Wednesday, February 27, 2008

On My Way to NYC

An opportuntity for professional development is taking me to New York City for a couple of days. Wistful memories remind me that the city is not all Wall Street profit and Broadway glamour and Radio City Music Hall. Off-and-on wandering may take me into other neighborhoods of the city.



Photos from NYU

Second Language

"There are two languages in language, two ways of speaking, two levels of linguistic usage. There is a language of clear truths, concepts, and formulas… Things are as they are, you say what you mean, as precisely as you can and as unequivocally. Speaking then is deciphering a puzzle, defining, prescribing limits…

"It is good that we have this language… But we never use it when we want to pour out our heart and say what is really in us, hidden and almost impossible to name. In questions of love and death and God and man, this first language, this first way of speaking , is not only inadequate, but also dangerous.

"But there is a second language… It is the language of what cannot really be said. The language that you speak so as not to have to be completely silent. The language of emotion and ecstasy…

"Language given across boundaries and always digging into what cannot be said, into that infinitely double ground of reality, language which leaves veiled and concealed what has to remain veiled and concealed, which evokes the paradoxical and the inaccessible of man’s existence and makes it present in paradoxical words and images…

"Secret language, in which you live as you live with another person, by approximation, near enough to touch, knowing and not knowing, safe and unsafe. A language which does not force itself on you, but does speak with authority and which appeals to another’s creative understanding. The only language which is really daring enough for people."

From “The Second Language” in Open Your Hearts by Huub Osterhuis



Photo of Cabalus guesthouse in Vezelay uploaded on Flickr

Friday, February 22, 2008

Parigi

The snows that swept up over New England today allowed a mid-afternoon walk through the cemetery near our house. They allowed some moments of conscious praying in that place. They allowed some opportunities of speaking out loud into the cold air around me. They even allowed taking a photograph with my cell phone.



After returning home and shoveling the front walks, I indulged in a short nap in the chair in our library. Awake, I hunted in the CD cabinet in our living room and found the recording I had seen earlier in the week, a 1951 recording of La Bohème that I had not listened to in a long time. Nineteenth-century Paris in the language of Puccini – it fit the week I had just finished.

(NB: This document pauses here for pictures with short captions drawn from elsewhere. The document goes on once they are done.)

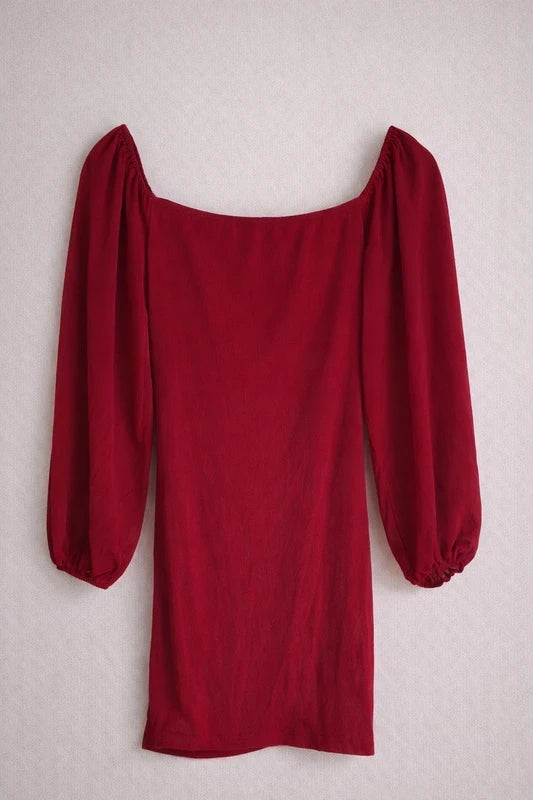 Rotes Kleid mit Puffärmeln & Cut-Out Rücken – Größe M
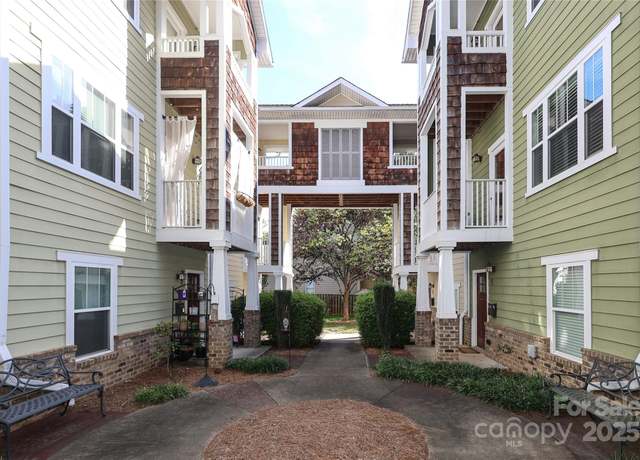 Property at 1733 Matheson Ave Unit E, Charlotte, NC 28205, 3 beds, 2.5 baths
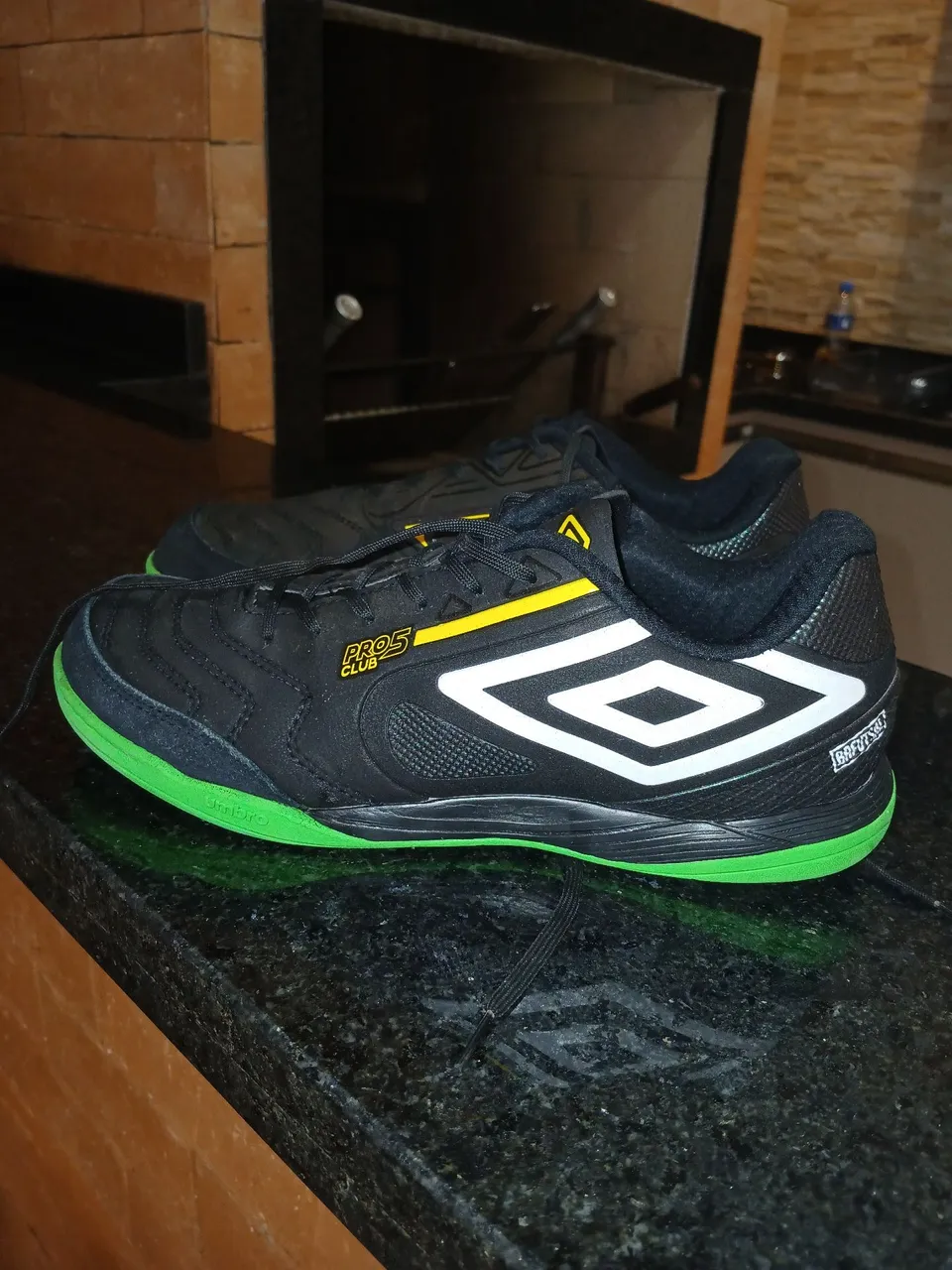 Chuteira Futsal Umbro Pro 5 Club BR Futsal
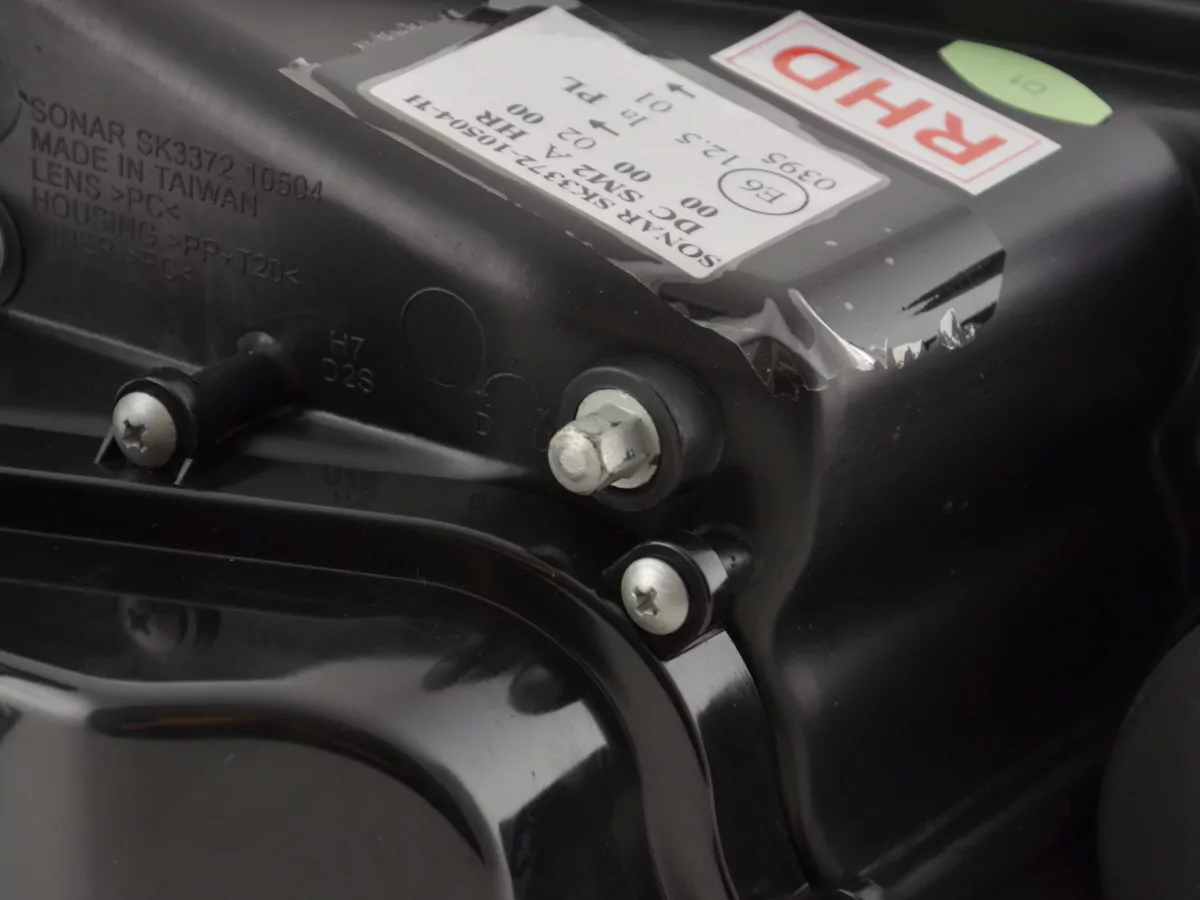 Scheinwerfer Set Xenon Angel Eyes LED BMW 5er E60/E61 Bj. 05-08 schwarz für Rechtslenker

Through the wooden blinds the late afternoon snow created a light in the living room that I could not violate with a lamp. Bohemian Paris in the winter of 1830 demanded an appropriate setting. A votive candle, maybe. One cat settled on the folded blanket on the sofa back behind me; the other settled at my feet.

The mood in the room for the next two hours was gentle, sentimental, reflective, lyrical.

Solitary and tender, the experience fed my heart, fed my dreams.




Photo of London CD of La Bohème with Renata Tebaldi

Sunday, February 17, 2008

The Big Dig

I was on an archeological dig Saturday morning in our basement.

The prospect of an extended weekend may have given me the energy for a task that had been on my mind for several weeks. Or maybe it was the afterglow of a satisfying celebration of Valentine’s Day. Whatever the reason, on a sunny Saturday morning I was approaching a row of boxes in our dark basement.

Inside these boxes I expected to find mainly books that Marc and I had stored there during the past couple of years. I had frankly lost track of how long ago we had first packed some of the boxes. Most had gotten down to the basement during the summer of 2006. Renovations that had initially called for re-carpeting the upstairs master bedroom led to sanding and refinishing the hardwood floors throughout our second floor.

Emptying rooms for the sanders had meant emptying book shelves. Emptier rooms with a new satin finish on the floors discouraged us from carrying back upstairs anything that was not immediately essential. Months passed without any books returning from basement retirement, and we must have gone with the common wisdom that whatever we had lived without for over a year might be something we need never see again.

Except, I discovered this morning, what we had lived without all those months was me.

I don’t mean to overstate the reaction I had to opening the first boxes and finding the books on Italy that used to line one of the shelves in our bedroom. It’s just that the books surprised me by their utter familiarity. For years I had woken up to them, for years I would go to bed able to survey them on the top shelf of the bookcase on my side of the bed. They were a record of three trips to Italy in the past decade. They were evidence that I had made those trips, planned them, returned from them, fed on them for months and years later.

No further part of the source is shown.